USA

Anti-trafficking panelists laud LaPorte’s leadership in Korea

Estripes.com

ARLINGTON, Va. — Other than outgoing U.S. Forces Korea commander Gen. Leon J. LaPorte, U.S. military commanders overseas have a long way to go in understanding and fighting human trafficking, the experts in the subject said Thursday.

Anti-trafficking panelists laud LaPorte’s leadership in Korea
By Lisa Burgess and Teri Weaver, Stars and Stripes
Pacific edition, Sunday, November 20, 2005

ARLINGTON, Va. — Other than outgoing U.S. Forces Korea commander Gen. Leon J. LaPorte, U.S. military commanders overseas have a long way to go in understanding and fighting human trafficking, the experts in the subject said Thursday.

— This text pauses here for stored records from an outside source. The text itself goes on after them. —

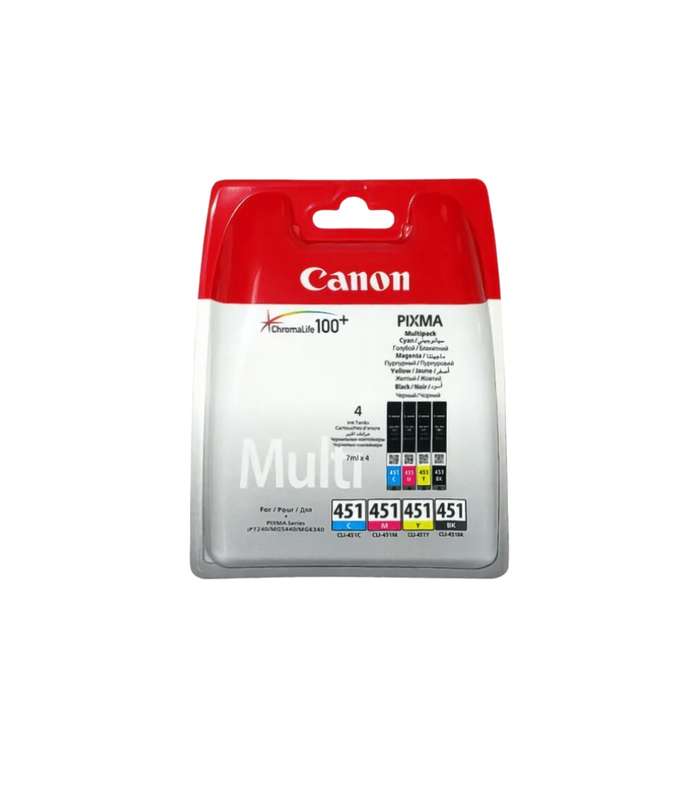 Original Canon Ink Combo Pack Black PGI451 &amp; B/C/M/Y CLI451(OEM)
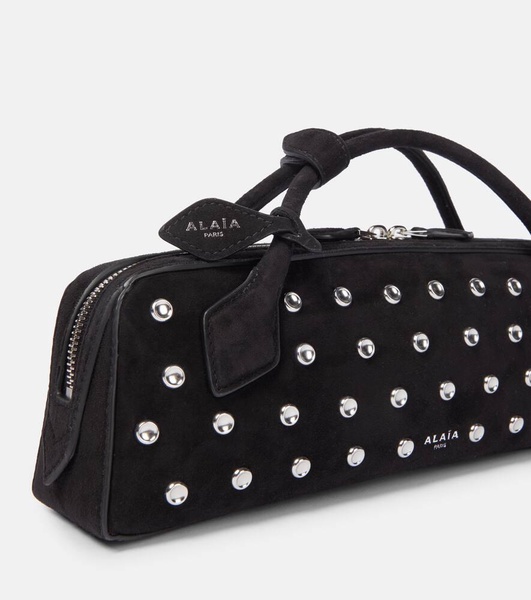 Le Teckel studded suede tote bag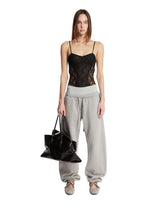 Gray Cotton Pants | PDP | Antonia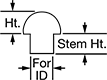 Image of Attribute. Front orientation. Contains Annotated. Push-In Bumpers.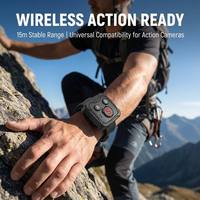 Télécommande sans fil pour caméra d'action compatible - Étanche, en ABS, couleurs personnalisables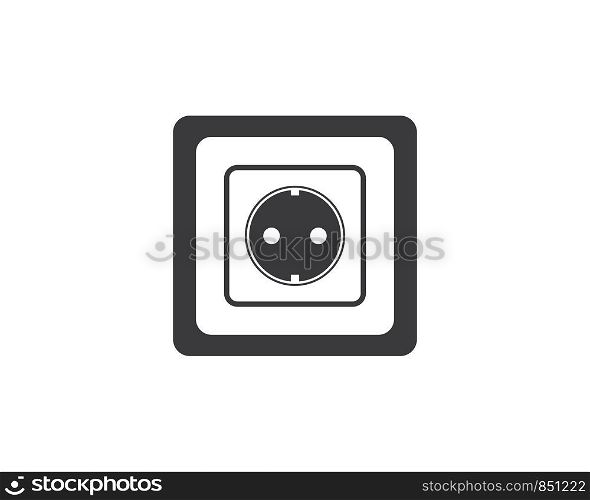 electric socket plug vector,illustration template
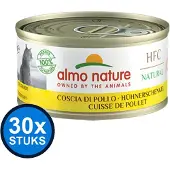 Almo Nature 30x HFC - Kippenbout - Kattenvoer Natvoer - 70g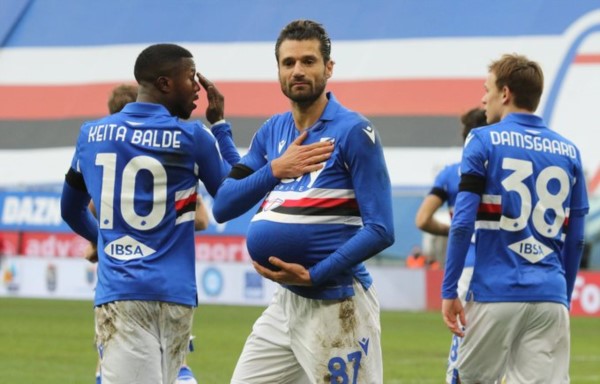 Sampdoria le cortó una racha al Inter de 8 victorias en fila.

LaPorte “has been personally seized with the issue” and “he obviously has it at this point,” when it comes to discouraging troops to support trafficking, Maureen Walsh, general counsel for the U.S. Commission on Security and Cooperation in Europe, which is also called the Helsinki Commission.

Walsh made her comments during a Thursday session on human trafficking and peacekeeping operations held by the Center for Strategic and International Studies, a Washington think tank.

“While there’s a lot of language” from U.S. military officials condemning the practice of abducting and selling human beings, “we need to see much more senior leadership and resources coming from the Department of Defense to address the issue of human trafficking,” according to Sarah Mendelson, a CSIS senior fellow and moderator of Thursday’s discussion.

“I would rank the United States high in the area of rhetoric, and low in the area of implementation [of announced policies],” said another panelist, Martina Vandenberg, an attorney with Washington law firm Jenner & Block.

The U.S. military’s exception to the rule, the panelists said, is LaPorte, a four-star general who took command of U.S. Forces Korea in May 2002.

In the wake of a report by Fox News affiliate alleging U.S. military members in South Korea were involved with trafficked prostitutes, LaPorte has worked with his own commanders, military police and Korean officials to raise awareness about trafficking, and to crack down on soldiers who frequent bars where trafficked women may work.

LaPorte’s public service messages about prostitution and human trafficking continue to run on military television and radio, and U.S. soldiers routinely patrol bars just outside military bases with Korean police, monitoring the behaviors of both the American servicemembers and the Korean bar owners.

If a bar is known to employ sex workers, their local commanders forbid military members to go there.

LaPorte “really has taken on a tremendous leadership role,” Walsh said.

In an interview with Stripes in the fall of 2004, LaPorte said nearly 400 servicemembers had been punished for offenses related to prostitution.

“It is clearly incongruent with our values as an institution,” he said. “And it is clearly incongruent with our values as a nation.”

LaPorte’s tour in South Korea is almost over. Gen. Burwell B. Bell III, commander of U.S. Army Europe, is his replacement. The Senate confirmed Bell in October, though his arrival date in South Korea has not been announced.